What needs to be done:
I need an exact copy of the lines from the one containing "Toyota RAV4 escondido" through the end of the records, without any pictures.

Data shown:
--------------------

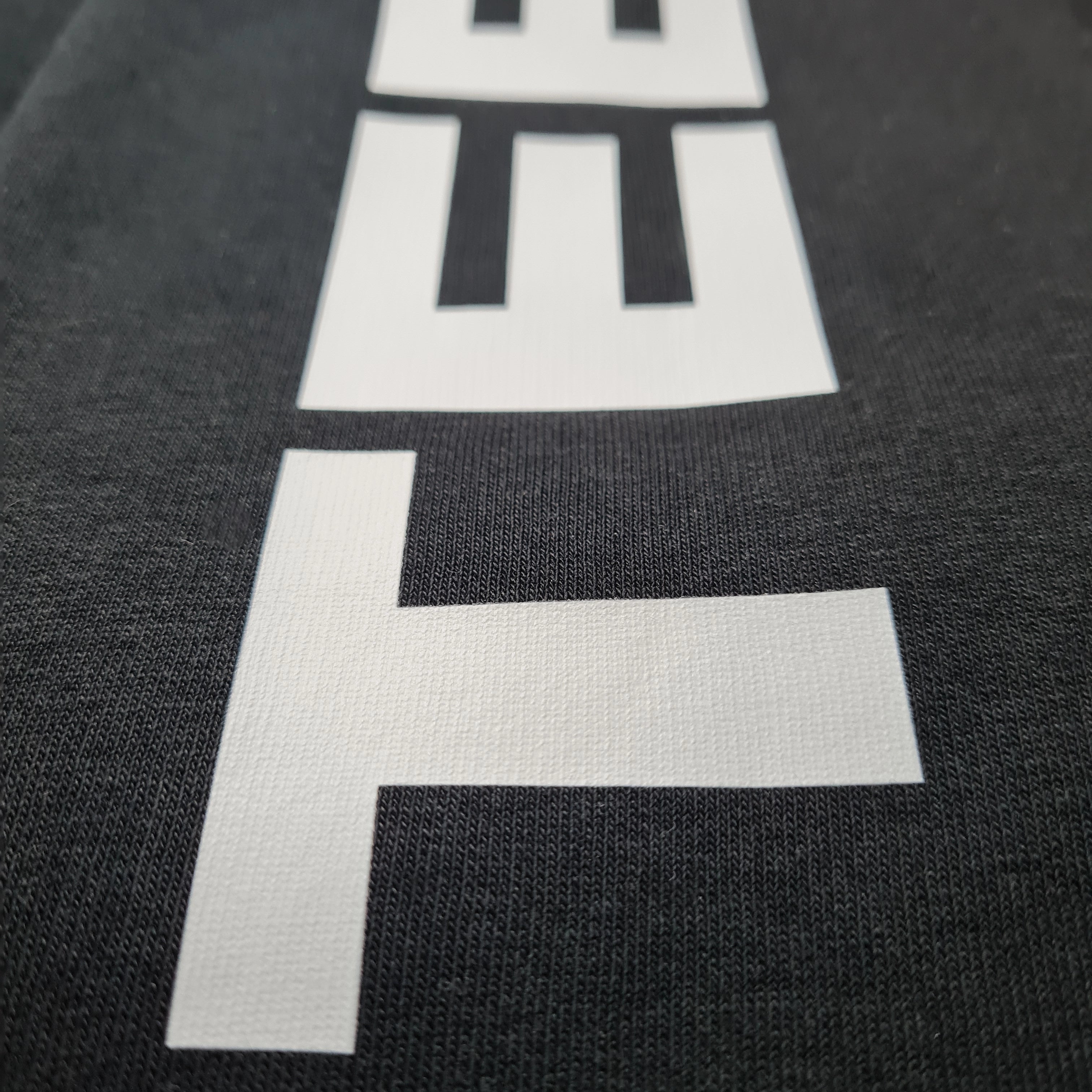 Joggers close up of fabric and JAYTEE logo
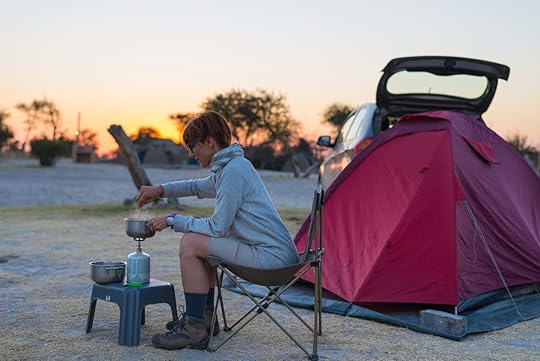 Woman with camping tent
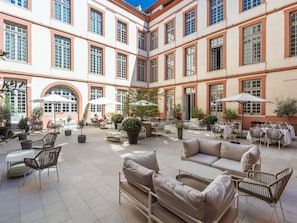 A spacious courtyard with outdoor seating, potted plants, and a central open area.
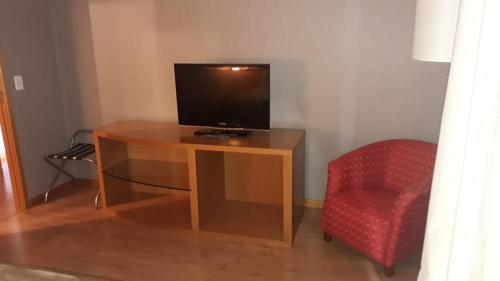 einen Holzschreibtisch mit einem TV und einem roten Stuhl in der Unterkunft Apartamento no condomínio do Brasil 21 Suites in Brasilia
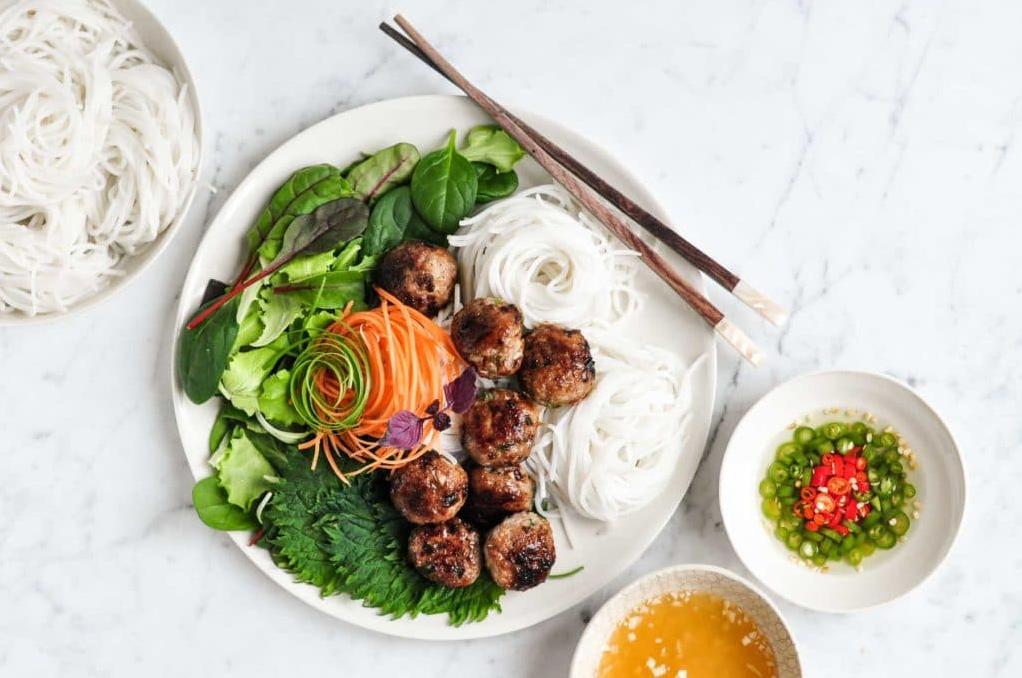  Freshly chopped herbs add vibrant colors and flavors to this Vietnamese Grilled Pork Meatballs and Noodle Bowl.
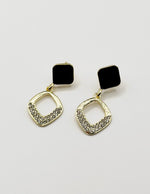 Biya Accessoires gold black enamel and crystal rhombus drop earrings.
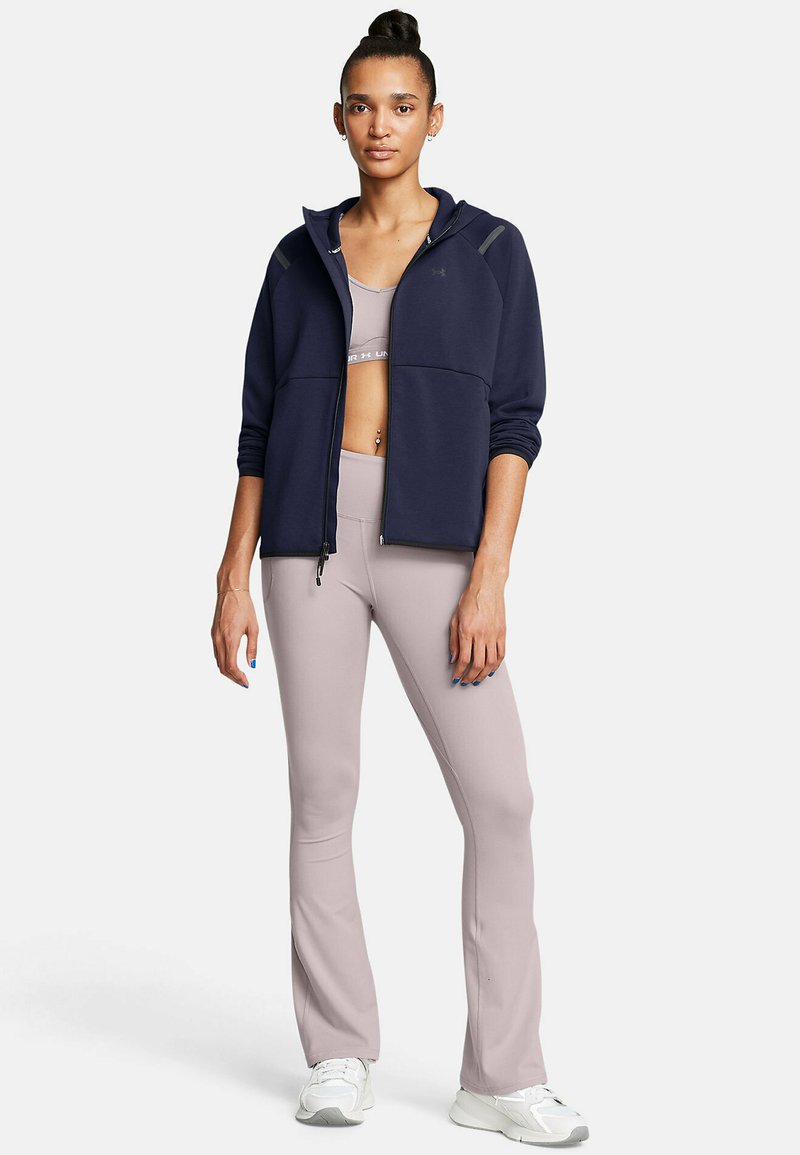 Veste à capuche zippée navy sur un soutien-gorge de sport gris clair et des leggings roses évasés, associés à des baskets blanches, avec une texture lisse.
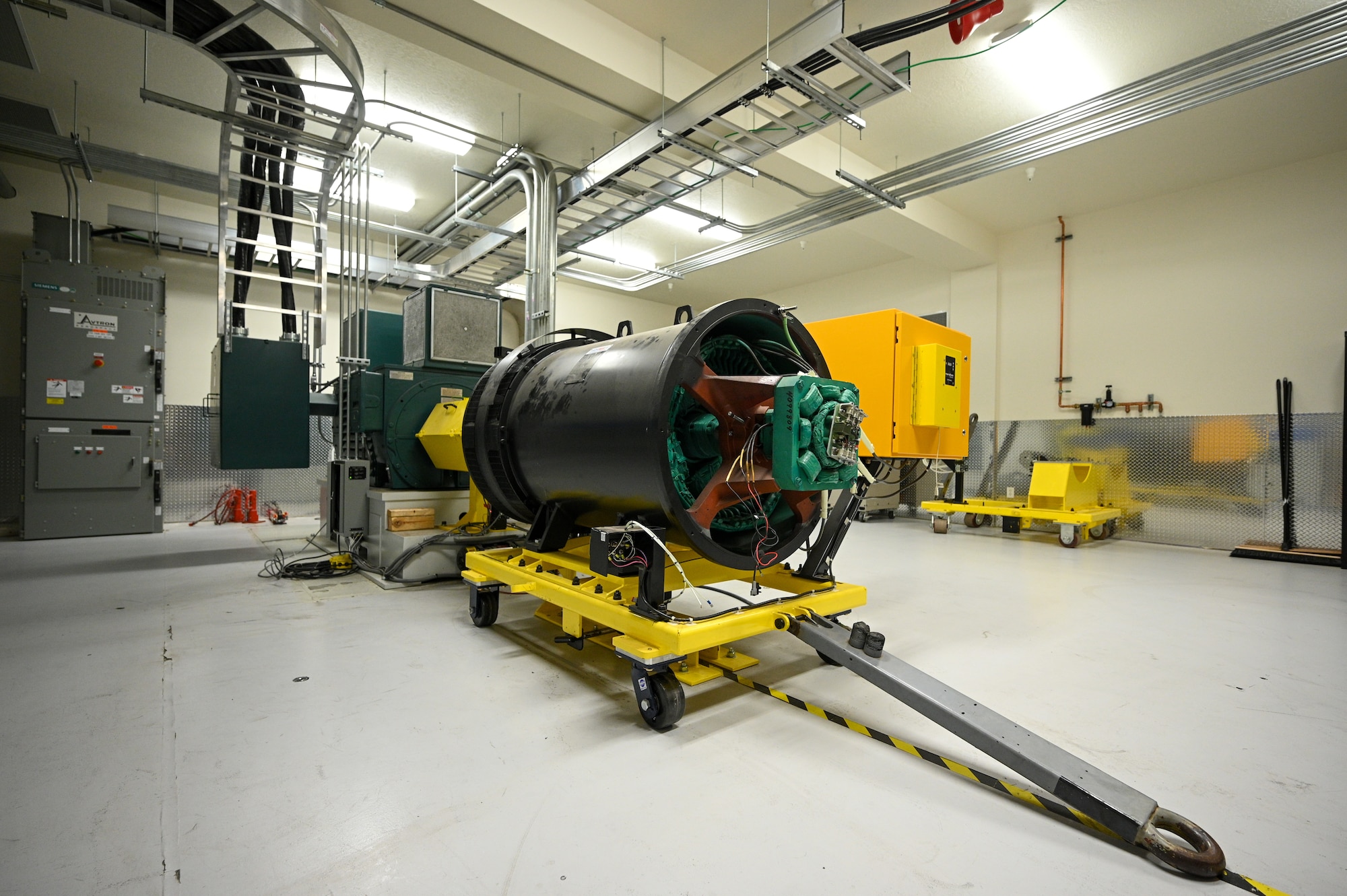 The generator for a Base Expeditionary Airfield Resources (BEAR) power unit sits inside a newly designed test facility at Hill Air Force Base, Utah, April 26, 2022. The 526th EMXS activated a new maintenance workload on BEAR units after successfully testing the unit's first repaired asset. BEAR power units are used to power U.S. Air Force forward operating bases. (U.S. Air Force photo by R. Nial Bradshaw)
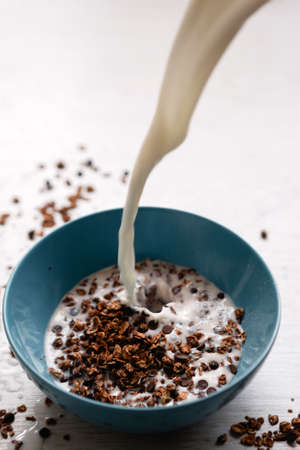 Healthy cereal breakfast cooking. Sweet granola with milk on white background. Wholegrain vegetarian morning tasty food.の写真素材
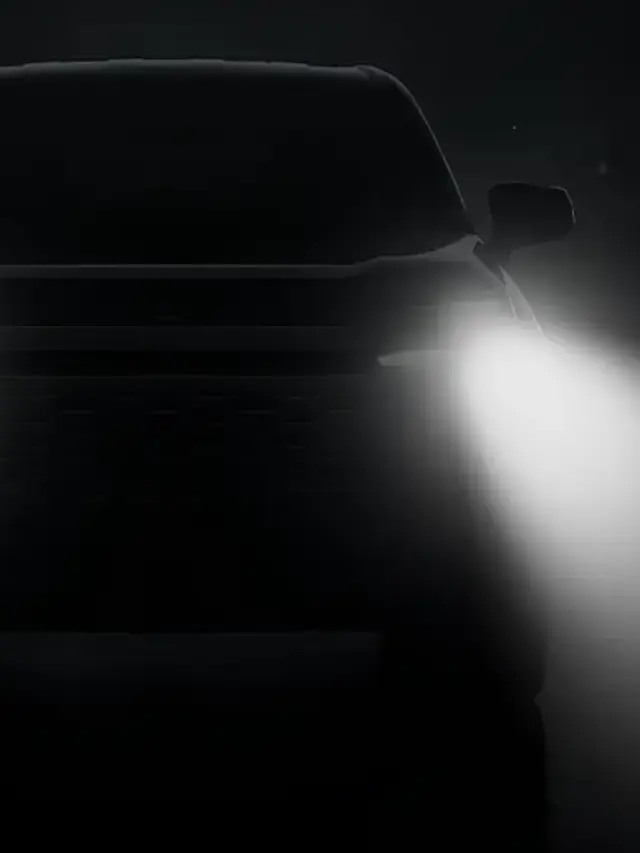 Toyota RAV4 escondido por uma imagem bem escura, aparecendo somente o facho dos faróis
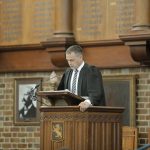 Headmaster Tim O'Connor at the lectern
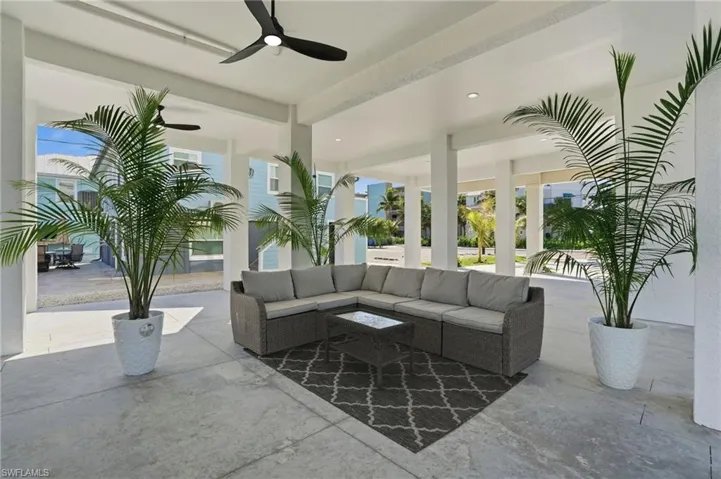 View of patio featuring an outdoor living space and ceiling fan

--------------------

Task response:
 Toyota RAV4 escondido por uma imagem bem escura, aparecendo somente o facho dos faróis
 Headmaster Tim O'Connor at the lectern
 View of patio featuring an outdoor living space and ceiling fan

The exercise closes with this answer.